How Conduktor Gateway Prevents Kafka Outages Before They Happen
Prevent Kafka outages with proactive safeguarding via Conduktor Gateway. Automate best practices, enforce rules, and eliminate tech debt before it starts.

Conduktor Gateway enhances Kafka by enforcing best practices at the protocol level. It sits between clients and brokers, intercepting requests before they can cause damage.
Safeguarding combines data governance with technical enforcement. It protects both the data flowing through your cluster and the cluster itself. Good safeguarding helps organizations:
- Minimize outages
- Respond gracefully to change
- Reduce friction between teams
Three Stages of Kafka Safeguarding
Most organizations progress through three stages:
- Safeguarding by habit (manual checklists)
- Reactive automation (alerts after the fact)
- Proactive automation (enforcement at request time)
Manual Checklists: The Production Readiness Problem
Most safeguarding today relies on documented practices that are periodically discussed and partially applied.
This approach suffers from three problems:
Relevance. Rules are "one size fits all" and rarely tailored to specific technologies or domains.
Timeliness. Checks happen at the end of the development cycle when changes are expensive.
Perception. Teams view safeguarding as a necessary evil. "What can we get away with?" becomes the default attitude.

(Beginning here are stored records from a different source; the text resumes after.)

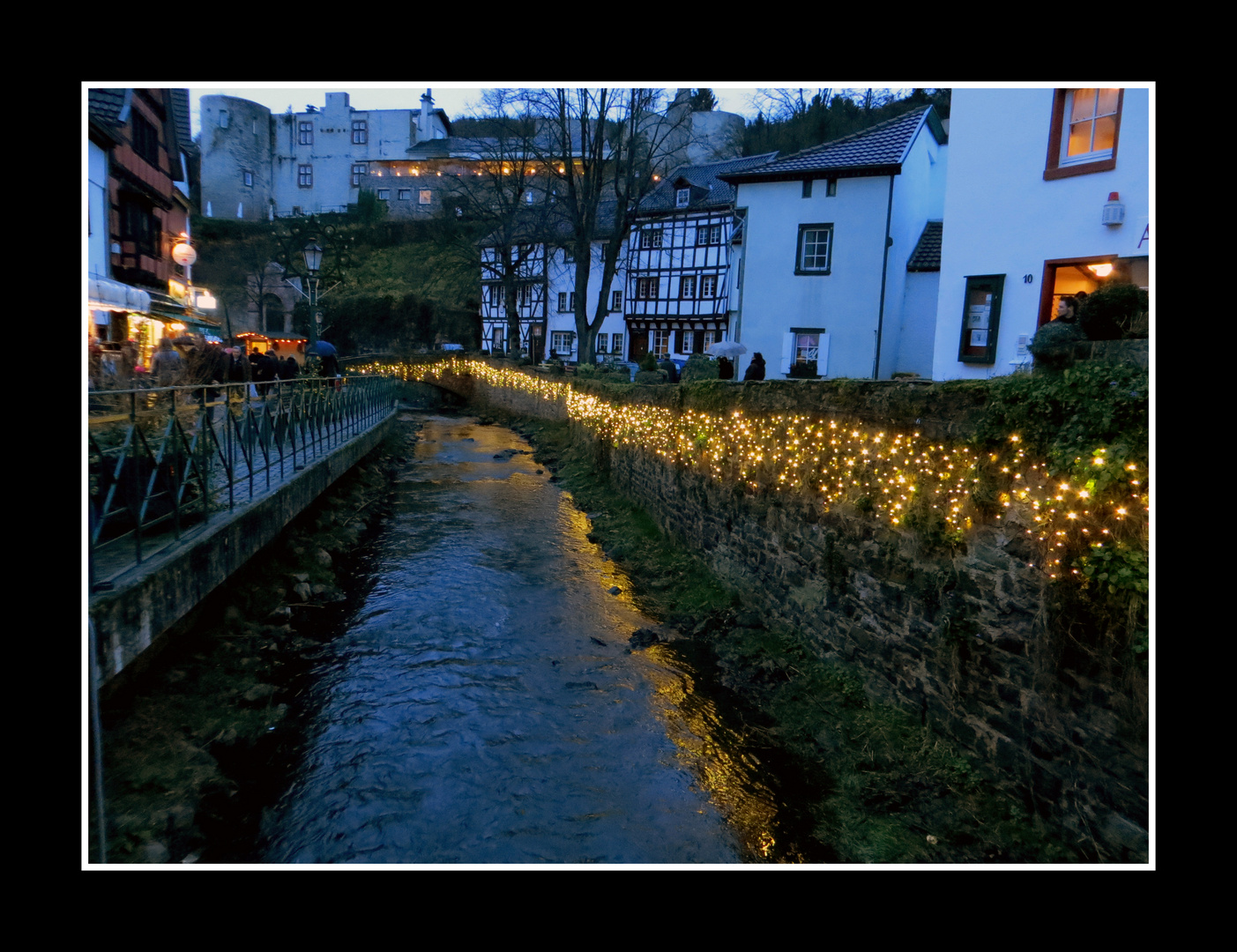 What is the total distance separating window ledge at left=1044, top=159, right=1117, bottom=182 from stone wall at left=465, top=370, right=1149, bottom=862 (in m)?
6.17

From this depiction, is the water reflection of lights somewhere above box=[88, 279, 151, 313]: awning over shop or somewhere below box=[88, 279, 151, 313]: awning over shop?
below

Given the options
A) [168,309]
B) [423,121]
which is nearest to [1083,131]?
[168,309]

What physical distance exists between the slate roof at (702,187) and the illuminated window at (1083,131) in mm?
22395

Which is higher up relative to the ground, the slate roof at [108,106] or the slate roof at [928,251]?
the slate roof at [108,106]

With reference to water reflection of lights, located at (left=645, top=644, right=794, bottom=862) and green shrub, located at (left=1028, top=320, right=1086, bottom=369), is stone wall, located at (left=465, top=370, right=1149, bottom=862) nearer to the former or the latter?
green shrub, located at (left=1028, top=320, right=1086, bottom=369)

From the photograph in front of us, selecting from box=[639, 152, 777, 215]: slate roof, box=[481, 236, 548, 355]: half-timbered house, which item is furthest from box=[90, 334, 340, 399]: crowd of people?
box=[481, 236, 548, 355]: half-timbered house

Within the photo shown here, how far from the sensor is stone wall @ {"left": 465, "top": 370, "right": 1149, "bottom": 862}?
452cm

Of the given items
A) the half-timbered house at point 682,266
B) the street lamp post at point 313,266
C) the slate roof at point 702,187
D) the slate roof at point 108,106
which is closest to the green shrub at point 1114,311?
the street lamp post at point 313,266

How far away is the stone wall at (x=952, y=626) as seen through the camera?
452 centimetres

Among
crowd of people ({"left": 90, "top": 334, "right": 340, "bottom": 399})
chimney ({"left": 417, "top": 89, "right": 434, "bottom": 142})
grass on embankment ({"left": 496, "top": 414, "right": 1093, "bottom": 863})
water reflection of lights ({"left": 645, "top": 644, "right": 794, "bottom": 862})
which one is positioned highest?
chimney ({"left": 417, "top": 89, "right": 434, "bottom": 142})

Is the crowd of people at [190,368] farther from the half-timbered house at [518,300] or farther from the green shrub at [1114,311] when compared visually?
the half-timbered house at [518,300]

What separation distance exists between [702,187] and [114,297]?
27737 mm

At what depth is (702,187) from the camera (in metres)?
35.7

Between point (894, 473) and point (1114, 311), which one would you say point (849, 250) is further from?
point (1114, 311)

The production readiness checklist is a perfect example. A week before go-live, teams are presented with boxes to tick. The rules are generic, the timing is bad, and everyone resents the process.
Reactive Automation: Catching Problems Too Late
The obvious fix is automation. Reactive automation turns safeguarding rules into metrics, thresholds, and alerts.

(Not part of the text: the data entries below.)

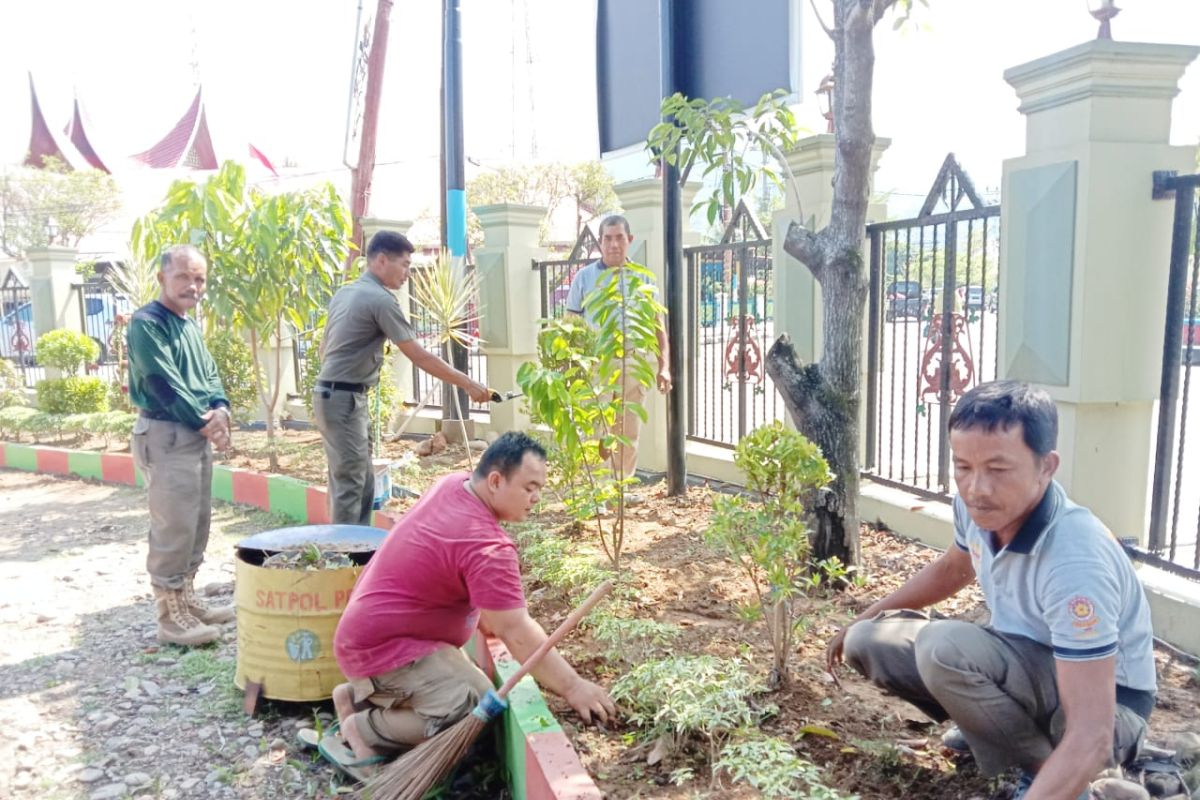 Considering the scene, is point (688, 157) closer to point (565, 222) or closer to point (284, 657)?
point (284, 657)

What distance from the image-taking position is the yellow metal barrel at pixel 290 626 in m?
3.43

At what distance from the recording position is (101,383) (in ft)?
33.2

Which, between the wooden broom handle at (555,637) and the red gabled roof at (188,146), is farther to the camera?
the red gabled roof at (188,146)

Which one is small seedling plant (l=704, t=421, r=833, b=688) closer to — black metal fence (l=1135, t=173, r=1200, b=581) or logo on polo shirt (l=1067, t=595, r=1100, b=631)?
logo on polo shirt (l=1067, t=595, r=1100, b=631)

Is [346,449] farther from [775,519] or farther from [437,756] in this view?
[775,519]

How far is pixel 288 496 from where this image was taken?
6586 millimetres

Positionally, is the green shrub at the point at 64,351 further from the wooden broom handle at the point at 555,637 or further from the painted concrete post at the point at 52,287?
the wooden broom handle at the point at 555,637

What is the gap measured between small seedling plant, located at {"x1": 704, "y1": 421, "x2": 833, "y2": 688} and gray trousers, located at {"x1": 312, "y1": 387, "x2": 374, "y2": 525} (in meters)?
2.52

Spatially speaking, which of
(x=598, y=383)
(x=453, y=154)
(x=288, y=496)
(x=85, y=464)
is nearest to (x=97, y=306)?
(x=85, y=464)

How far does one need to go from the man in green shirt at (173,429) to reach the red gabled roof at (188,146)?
31.0 meters

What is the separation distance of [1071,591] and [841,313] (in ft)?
7.02

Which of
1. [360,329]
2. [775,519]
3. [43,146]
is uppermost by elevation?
[43,146]

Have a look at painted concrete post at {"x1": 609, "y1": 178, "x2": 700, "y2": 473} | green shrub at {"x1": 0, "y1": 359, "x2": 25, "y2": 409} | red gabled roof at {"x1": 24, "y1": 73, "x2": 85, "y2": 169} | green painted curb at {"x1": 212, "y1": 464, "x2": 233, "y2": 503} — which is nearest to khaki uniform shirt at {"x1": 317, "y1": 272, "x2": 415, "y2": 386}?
painted concrete post at {"x1": 609, "y1": 178, "x2": 700, "y2": 473}

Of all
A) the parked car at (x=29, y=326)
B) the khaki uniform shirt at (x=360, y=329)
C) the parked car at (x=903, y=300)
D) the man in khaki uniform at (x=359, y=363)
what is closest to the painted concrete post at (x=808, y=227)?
the parked car at (x=903, y=300) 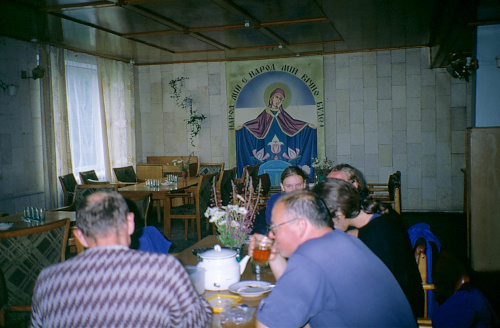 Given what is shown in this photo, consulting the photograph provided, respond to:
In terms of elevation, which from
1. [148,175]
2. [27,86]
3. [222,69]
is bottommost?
[148,175]

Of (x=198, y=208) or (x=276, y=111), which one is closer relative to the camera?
(x=198, y=208)

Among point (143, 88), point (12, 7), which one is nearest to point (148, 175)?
point (143, 88)

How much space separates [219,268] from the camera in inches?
84.8

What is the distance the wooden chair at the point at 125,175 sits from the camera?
7.88 metres

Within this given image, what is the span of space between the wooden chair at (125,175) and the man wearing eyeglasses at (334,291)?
268 inches

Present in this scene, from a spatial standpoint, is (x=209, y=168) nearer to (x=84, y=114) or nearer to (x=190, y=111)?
(x=190, y=111)

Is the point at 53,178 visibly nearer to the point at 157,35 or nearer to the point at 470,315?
the point at 157,35

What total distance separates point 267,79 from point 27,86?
4.45 meters

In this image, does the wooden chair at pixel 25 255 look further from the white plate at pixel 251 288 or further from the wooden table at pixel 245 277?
the white plate at pixel 251 288

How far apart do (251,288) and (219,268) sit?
0.62 ft

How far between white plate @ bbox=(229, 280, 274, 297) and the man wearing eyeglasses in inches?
22.2

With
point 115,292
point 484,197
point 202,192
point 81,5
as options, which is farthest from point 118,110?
point 115,292

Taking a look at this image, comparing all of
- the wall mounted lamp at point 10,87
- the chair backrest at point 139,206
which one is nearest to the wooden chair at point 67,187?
the wall mounted lamp at point 10,87

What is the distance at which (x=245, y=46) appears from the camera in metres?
7.76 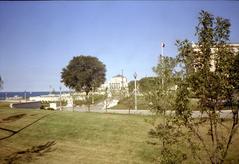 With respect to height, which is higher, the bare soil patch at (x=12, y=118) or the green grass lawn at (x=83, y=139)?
the bare soil patch at (x=12, y=118)

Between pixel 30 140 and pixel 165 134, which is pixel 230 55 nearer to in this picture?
pixel 165 134

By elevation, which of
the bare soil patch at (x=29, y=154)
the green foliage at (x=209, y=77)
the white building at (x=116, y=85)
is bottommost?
the bare soil patch at (x=29, y=154)

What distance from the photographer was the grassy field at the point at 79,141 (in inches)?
732

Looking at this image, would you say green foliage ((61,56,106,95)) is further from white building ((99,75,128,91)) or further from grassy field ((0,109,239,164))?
grassy field ((0,109,239,164))

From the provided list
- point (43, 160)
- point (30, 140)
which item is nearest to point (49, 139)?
point (30, 140)

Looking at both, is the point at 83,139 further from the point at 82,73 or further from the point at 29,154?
the point at 82,73

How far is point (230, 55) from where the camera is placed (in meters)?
7.87

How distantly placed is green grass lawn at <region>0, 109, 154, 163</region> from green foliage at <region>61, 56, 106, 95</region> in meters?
54.8

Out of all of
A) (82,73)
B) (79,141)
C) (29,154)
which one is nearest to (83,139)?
(79,141)

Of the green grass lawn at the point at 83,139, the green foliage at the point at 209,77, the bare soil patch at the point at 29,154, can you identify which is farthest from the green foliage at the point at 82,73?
the green foliage at the point at 209,77

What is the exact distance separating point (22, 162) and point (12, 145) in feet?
16.3

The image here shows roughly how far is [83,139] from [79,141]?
47cm

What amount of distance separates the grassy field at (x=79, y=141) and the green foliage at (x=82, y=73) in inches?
2165

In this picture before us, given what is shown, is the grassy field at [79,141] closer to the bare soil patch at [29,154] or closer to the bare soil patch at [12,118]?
the bare soil patch at [29,154]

When a misbehaving client impacts cluster health, an alert fires. Then what?
Simple logic says: turn off the bad actor. But what if it has dependencies? What if it's more mission-critical than the applications it's affecting?
These decisions must be made quickly under pressure, usually in production, with a wide blast radius. The result is workarounds and temporary fixes that never get removed. Technical constraints that persist for years.

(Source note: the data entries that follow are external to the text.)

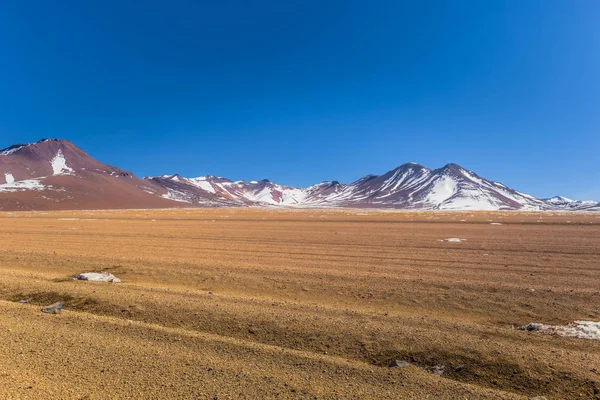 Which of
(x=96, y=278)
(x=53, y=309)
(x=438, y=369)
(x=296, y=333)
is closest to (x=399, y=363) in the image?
(x=438, y=369)

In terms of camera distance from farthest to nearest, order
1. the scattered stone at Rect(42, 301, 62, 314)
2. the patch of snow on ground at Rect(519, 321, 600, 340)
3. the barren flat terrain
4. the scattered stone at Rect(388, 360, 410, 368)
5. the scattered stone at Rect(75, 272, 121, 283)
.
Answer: the scattered stone at Rect(75, 272, 121, 283) < the scattered stone at Rect(42, 301, 62, 314) < the patch of snow on ground at Rect(519, 321, 600, 340) < the scattered stone at Rect(388, 360, 410, 368) < the barren flat terrain

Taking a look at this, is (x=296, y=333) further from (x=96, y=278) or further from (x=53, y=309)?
(x=96, y=278)

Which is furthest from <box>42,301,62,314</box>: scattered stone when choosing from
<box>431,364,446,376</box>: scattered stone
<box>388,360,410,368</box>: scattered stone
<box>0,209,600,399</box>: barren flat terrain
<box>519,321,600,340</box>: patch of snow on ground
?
<box>519,321,600,340</box>: patch of snow on ground

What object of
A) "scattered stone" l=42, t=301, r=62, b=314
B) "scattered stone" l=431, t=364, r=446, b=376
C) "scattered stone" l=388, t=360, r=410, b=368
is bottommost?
"scattered stone" l=431, t=364, r=446, b=376

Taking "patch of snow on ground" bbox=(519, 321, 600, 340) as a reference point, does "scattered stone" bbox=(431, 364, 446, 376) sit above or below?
below

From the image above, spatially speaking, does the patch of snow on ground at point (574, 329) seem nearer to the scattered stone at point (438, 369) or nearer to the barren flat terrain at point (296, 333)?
the barren flat terrain at point (296, 333)

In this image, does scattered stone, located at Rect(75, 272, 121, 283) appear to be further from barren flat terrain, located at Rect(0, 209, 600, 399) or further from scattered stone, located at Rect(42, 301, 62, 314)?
scattered stone, located at Rect(42, 301, 62, 314)

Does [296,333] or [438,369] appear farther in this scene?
[296,333]

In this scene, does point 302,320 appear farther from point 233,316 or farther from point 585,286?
point 585,286

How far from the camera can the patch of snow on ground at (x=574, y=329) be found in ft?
25.4

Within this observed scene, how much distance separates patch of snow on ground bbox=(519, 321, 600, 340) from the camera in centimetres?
773

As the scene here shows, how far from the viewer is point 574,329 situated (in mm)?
8055

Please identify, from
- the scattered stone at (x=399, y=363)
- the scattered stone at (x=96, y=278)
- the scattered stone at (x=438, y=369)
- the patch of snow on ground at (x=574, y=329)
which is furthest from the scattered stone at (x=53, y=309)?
the patch of snow on ground at (x=574, y=329)

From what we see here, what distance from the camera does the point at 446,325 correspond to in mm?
8359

This is how tech debt accumulates.
Proactive Automation: Enforcing Rules at Request Time
Proactive automation enforces rules at the point of interaction with Kafka. Requests that violate standards are rejected or automatically corrected before reaching the broker.
Example: A client requests a topic with 50,000 partitions. This will strain the cluster. Instead of rejecting the request, proactive automation modifies it to cap at 50 partitions.
Compare this to reactive automation. The reactive approach discovers the high-partition topic days or weeks later. By then, the topic holds data. Reducing partitions is now difficult and time-consuming.
Where to Implement Proactive Safeguarding
There are three options:
Broker Plugin
Deploying within Kafka puts the logic close to the data and cluster state. The downside: plugin updates require broker restarts. Version coupling creates maintenance headaches.
Client Plugin
A client-side plugin integrates well with applications but creates a massive surface area. You need plugins for every client language. Worse, the broker can't verify that clients are using the plugin. Bad actors can bypass it entirely.
Kafka Proxy
A proxy between clients and brokers avoids both problems. It can be configured and restarted independently of the Kafka cluster. Clients connect to the proxy as if it were Kafka. Direct broker access can be disabled through standard Kafka security.
How Conduktor Gateway Implements Proactive Safeguarding
Conduktor Gateway is a Kafka proxy that enforces safeguarding rules through Interceptors.
The partition limit example works like this: Gateway executes an Interceptor on the CreateTopics request. The client sends 50,000 partitions. Gateway modifies the request to 50 partitions before forwarding to the broker.
Gateway is a stateless Java application that presents itself as a Kafka cluster to clients. Typical deployments use one Gateway cluster per Kafka cluster, but you can also deploy per-application or in tiers (application-level rules, organization-level rules).

The Hidden Benefit: Developer Buy-In
Proactive safeguarding prevents outages and increases cluster resilience. That's the obvious benefit.
The subtle benefit is perception. Manual checklists and reactive alerts feel like barriers. Developers and operators resent them.
Proactive safeguarding is different. It provides immediate feedback with specific guidance. Teams understand why a request was modified. This makes it easier to get buy-in for best practices and governance.